> _TASK_: For this listing, the lines between the one holding "This includes not" and the one holding "Hello everyone, it", inclusive, must be set down exactly.

> _AVAILABLE DATA_:
____________________

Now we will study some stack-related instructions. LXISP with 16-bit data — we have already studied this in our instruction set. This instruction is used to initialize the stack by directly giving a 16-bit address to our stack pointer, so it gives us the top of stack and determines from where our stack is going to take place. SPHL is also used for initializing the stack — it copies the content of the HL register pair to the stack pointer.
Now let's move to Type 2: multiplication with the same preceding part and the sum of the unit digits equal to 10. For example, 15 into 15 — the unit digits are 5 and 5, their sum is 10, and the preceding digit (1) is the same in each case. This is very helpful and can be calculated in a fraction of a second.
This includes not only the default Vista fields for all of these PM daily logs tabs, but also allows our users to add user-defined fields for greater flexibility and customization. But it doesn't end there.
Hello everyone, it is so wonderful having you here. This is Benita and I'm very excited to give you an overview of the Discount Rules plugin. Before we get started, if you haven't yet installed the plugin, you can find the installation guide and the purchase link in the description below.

____________________

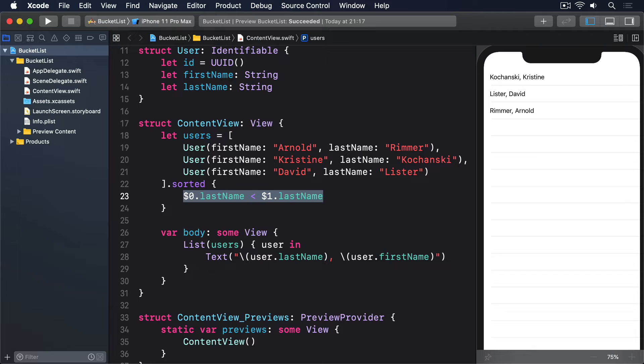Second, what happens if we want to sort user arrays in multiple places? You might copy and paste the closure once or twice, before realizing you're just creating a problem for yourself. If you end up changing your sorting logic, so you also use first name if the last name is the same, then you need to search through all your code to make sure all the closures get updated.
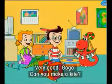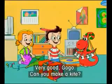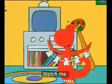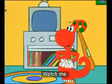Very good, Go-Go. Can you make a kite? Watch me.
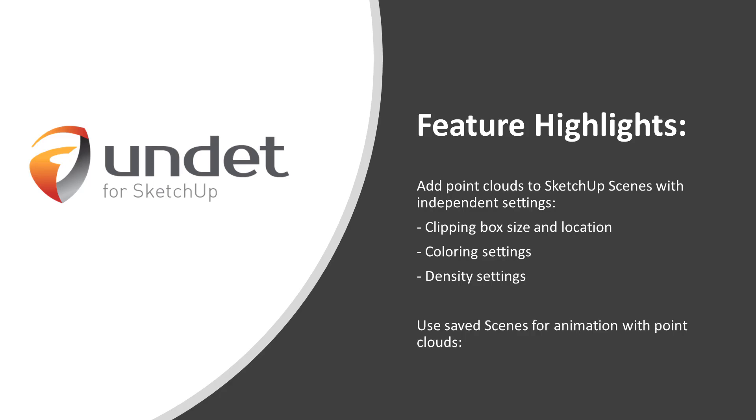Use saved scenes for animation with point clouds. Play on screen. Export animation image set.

____________________

> _RESPONSE AREA_:
This includes not only the default Vista fields for all of these PM daily logs tabs, but also allows our users to add user-defined fields for greater flexibility and customization. But it doesn't end there.
Hello everyone, it is so wonderful having you here. This is Benita and I'm very excited to give you an overview of the Discount Rules plugin. Before we get started, if you haven't yet installed the plugin, you can find the installation guide and the purchase link in the description below.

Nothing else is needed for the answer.